Trumpet player silhouetted in dramatic stage light
Photo: Unsplash / Photographer unknown
Topic Guide

Miles Davis

The musician who reinvented jazz not once but five times. The essential guide to the art form's most important figure.

Miles Dewey Davis III was born on May 26, 1926, in Alton, Illinois, and raised in East St. Louis. He was given his first trumpet at thirteen. By nineteen he was playing on 52nd Street with Charlie Parker. By thirty he had already released one of the most influential records in jazz history. He spent the next four decades making sure it wasn’t his last.

Why Miles Matters

Jazz history is full of great musicians. It has very few who redirected the entire current of the music, not once but repeatedly. Miles is the exception. Each major phase of his career represents not merely a new style but a new set of possibilities — a new vocabulary that other musicians spent years learning to speak.

Birth of the Cool (1949–50): Reacted against bebop’s density with chamber-like restraint and sophisticated arrangement. Introduced a generation of musicians to the idea that less could be a radical choice.

The First Great Quintet (1955–59): With Coltrane, Red Garland, Paul Chambers, and Philly Joe Jones, established the modern small-group format that most jazz ensembles still reference.

Kind of Blue (1959): Modal jazz — improvisation over scales rather than chord changes — opened up the harmonic language of the music and remains the best-selling jazz album of all time.

The Second Great Quintet (1964–68): With Herbie Hancock, Wayne Shorter, Ron Carter, and Tony Williams, pushed post-bop to its limits in what many consider the most sophisticated small-group playing ever recorded.

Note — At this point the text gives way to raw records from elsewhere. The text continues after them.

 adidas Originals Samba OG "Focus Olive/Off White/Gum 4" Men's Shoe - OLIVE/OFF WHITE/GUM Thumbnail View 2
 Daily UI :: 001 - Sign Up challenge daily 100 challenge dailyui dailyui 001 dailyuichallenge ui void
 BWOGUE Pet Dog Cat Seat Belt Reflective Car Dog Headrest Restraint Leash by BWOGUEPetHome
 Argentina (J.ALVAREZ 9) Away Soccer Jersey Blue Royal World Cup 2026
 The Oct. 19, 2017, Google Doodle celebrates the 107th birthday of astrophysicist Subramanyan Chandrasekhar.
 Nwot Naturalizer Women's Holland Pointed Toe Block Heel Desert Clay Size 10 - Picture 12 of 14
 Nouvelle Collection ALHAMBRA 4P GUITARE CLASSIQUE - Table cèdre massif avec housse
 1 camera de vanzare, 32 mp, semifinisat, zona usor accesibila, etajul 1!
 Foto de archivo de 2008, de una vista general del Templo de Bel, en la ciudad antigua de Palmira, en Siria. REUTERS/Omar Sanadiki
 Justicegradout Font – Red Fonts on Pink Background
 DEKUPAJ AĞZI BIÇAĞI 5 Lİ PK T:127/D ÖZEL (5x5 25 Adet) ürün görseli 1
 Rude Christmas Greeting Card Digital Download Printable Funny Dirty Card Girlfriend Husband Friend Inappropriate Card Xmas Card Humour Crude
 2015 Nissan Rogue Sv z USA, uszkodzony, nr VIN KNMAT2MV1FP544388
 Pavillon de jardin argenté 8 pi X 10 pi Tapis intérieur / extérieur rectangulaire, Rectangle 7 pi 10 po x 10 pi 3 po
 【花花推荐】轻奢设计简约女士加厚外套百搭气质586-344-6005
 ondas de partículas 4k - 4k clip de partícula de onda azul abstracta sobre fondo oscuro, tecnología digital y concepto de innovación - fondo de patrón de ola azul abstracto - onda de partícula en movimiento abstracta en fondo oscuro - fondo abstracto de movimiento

Electric Miles (1969–75): In a Silent Way and Bitches Brew invented jazz-rock fusion and influenced everything from funk to ambient music to hip-hop production.

The Sidemen He Made Famous

One measure of Miles’s influence is the list of musicians who passed through his bands. John Coltrane. Bill Evans. Herbie Hancock. Wayne Shorter. Chick Corea. Keith Jarrett. John McLaughlin. Tony Williams. Almost every important jazz musician of the second half of the twentieth century spent time in Miles’s orbit.

This was not coincidence. Miles had an extraordinary ability to identify talent before it was fully formed, and an equally extraordinary willingness to give that talent space to develop. He led by listening.

Essential Listening

If you’re new to Miles Davis, Kind of Blue is the obvious starting point — and it earns that reputation. From there, move in two directions: backward to Birth of the Cool and Cookin’ with the first quintet; forward to E.S.P. with the second quintet and then Bitches Brew. The territory between those poles contains most of what you need to understand twentieth-century jazz.